=== INFORMATION SUPPLIED ===
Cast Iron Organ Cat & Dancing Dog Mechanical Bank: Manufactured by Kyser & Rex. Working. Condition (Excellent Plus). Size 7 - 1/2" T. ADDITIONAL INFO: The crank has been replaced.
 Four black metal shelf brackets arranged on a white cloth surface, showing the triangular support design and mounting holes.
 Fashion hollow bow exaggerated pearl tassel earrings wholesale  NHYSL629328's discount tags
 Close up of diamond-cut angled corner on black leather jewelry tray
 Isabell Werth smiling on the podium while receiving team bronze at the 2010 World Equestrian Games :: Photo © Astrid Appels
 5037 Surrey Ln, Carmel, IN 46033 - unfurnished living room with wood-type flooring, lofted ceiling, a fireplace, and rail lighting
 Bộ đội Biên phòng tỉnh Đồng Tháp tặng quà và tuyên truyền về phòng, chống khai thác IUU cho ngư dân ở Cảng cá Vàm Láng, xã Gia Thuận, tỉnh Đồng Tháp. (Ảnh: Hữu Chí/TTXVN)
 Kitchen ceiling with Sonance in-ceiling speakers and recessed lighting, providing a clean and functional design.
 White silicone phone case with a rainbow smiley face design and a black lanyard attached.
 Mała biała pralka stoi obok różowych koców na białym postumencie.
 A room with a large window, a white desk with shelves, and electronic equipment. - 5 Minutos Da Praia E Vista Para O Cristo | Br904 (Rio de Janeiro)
===
TASK STATEMENT: An exact copy of every line above is needed.

YOUR RESPONSE:
Cast Iron Organ Cat & Dancing Dog Mechanical Bank: Manufactured by Kyser & Rex. Working. Condition (Excellent Plus). Size 7 - 1/2" T. ADDITIONAL INFO: The crank has been replaced.
 Four black metal shelf brackets arranged on a white cloth surface, showing the triangular support design and mounting holes.
 Fashion hollow bow exaggerated pearl tassel earrings wholesale  NHYSL629328's discount tags
 Close up of diamond-cut angled corner on black leather jewelry tray
 Isabell Werth smiling on the podium while receiving team bronze at the 2010 World Equestrian Games :: Photo © Astrid Appels
 5037 Surrey Ln, Carmel, IN 46033 - unfurnished living room with wood-type flooring, lofted ceiling, a fireplace, and rail lighting
 Bộ đội Biên phòng tỉnh Đồng Tháp tặng quà và tuyên truyền về phòng, chống khai thác IUU cho ngư dân ở Cảng cá Vàm Láng, xã Gia Thuận, tỉnh Đồng Tháp. (Ảnh: Hữu Chí/TTXVN)
 Kitchen ceiling with Sonance in-ceiling speakers and recessed lighting, providing a clean and functional design.
 White silicone phone case with a rainbow smiley face design and a black lanyard attached.
 Mała biała pralka stoi obok różowych koców na białym postumencie.
 A room with a large window, a white desk with shelves, and electronic equipment. - 5 Minutos Da Praia E Vista Para O Cristo | Br904 (Rio de Janeiro)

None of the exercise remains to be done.